THE TASK >>
Everything in the data except the pictures belongs in your answer, copied exactly.

DATA SEGMENT >>

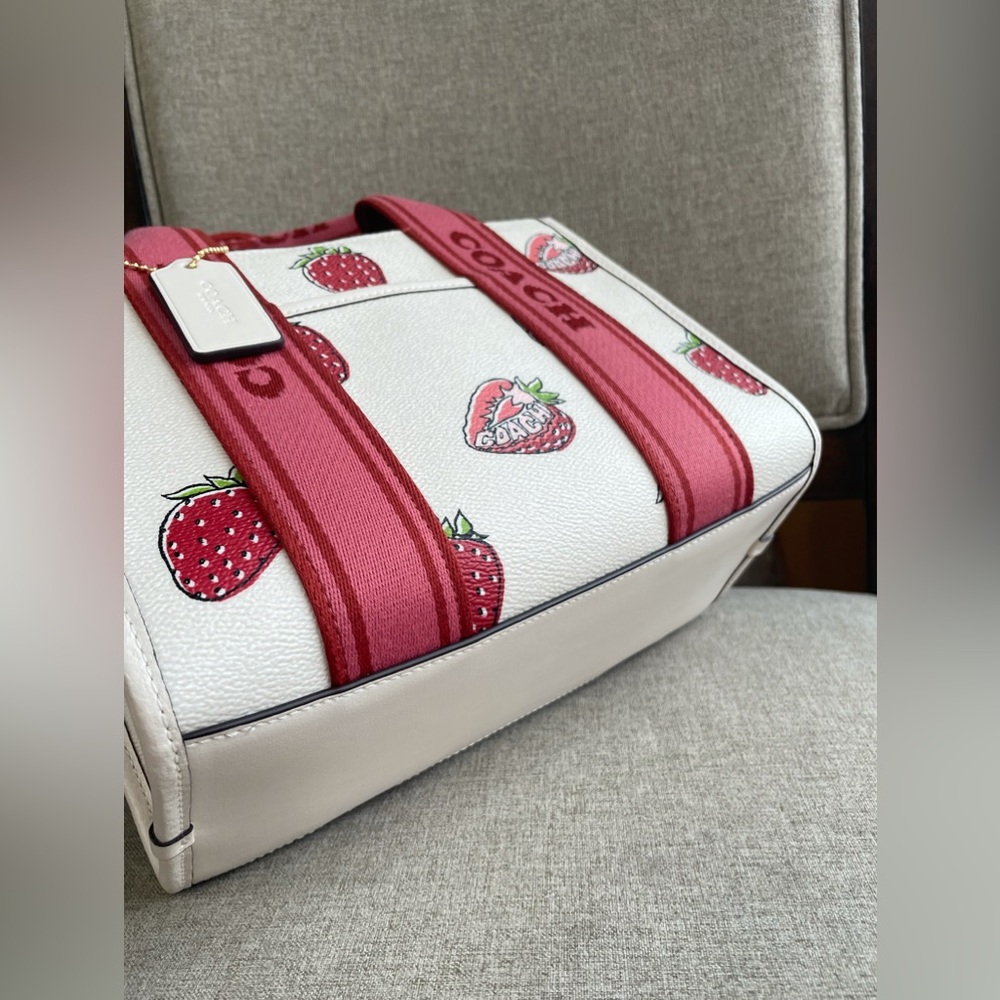 NWT！COACH SMITH TOTE BAG 24 WITH STRAWBERRY PRINT（COACH CAR80）fast shipping - Picture 4 of 6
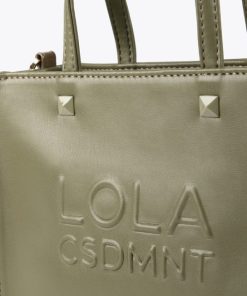 Robynraymer.shop045a90795b 4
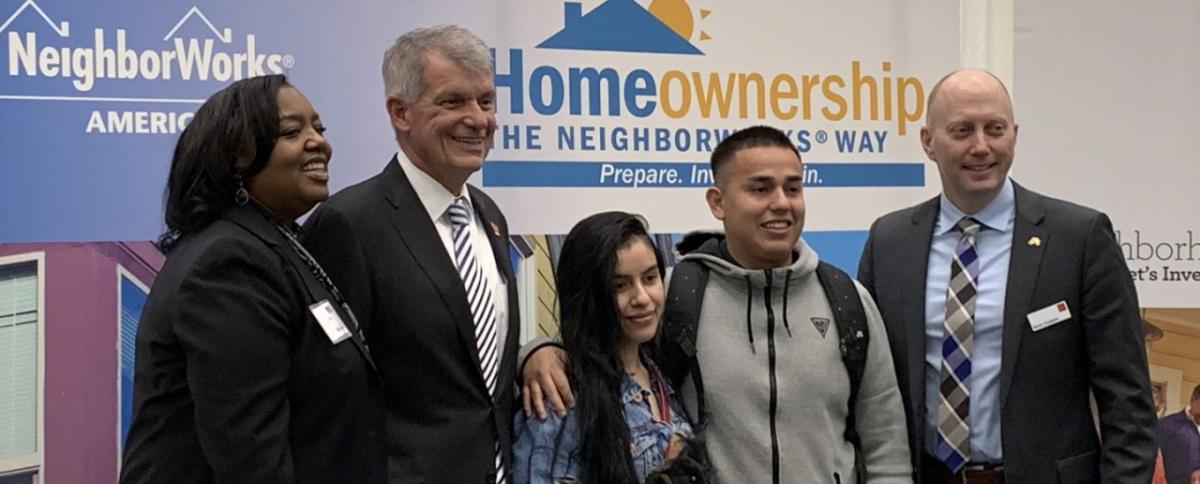 Wells Fargo’s Kim Smith-Moore, CEO Tim Sloan, and Martin Sundquist, far right, pose with new homeowners Dominique Valenzuela and Refugio Garcia at the Los Angeles County 2019 NeighborhoodLIFT program launch.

SOLUTION TO THIS TASK >>
 NWT！COACH SMITH TOTE BAG 24 WITH STRAWBERRY PRINT（COACH CAR80）fast shipping - Picture 4 of 6
 Robynraymer.shop045a90795b 4
 Wells Fargo’s Kim Smith-Moore, CEO Tim Sloan, and Martin Sundquist, far right, pose with new homeowners Dominique Valenzuela and Refugio Garcia at the Los Angeles County 2019 NeighborhoodLIFT program launch.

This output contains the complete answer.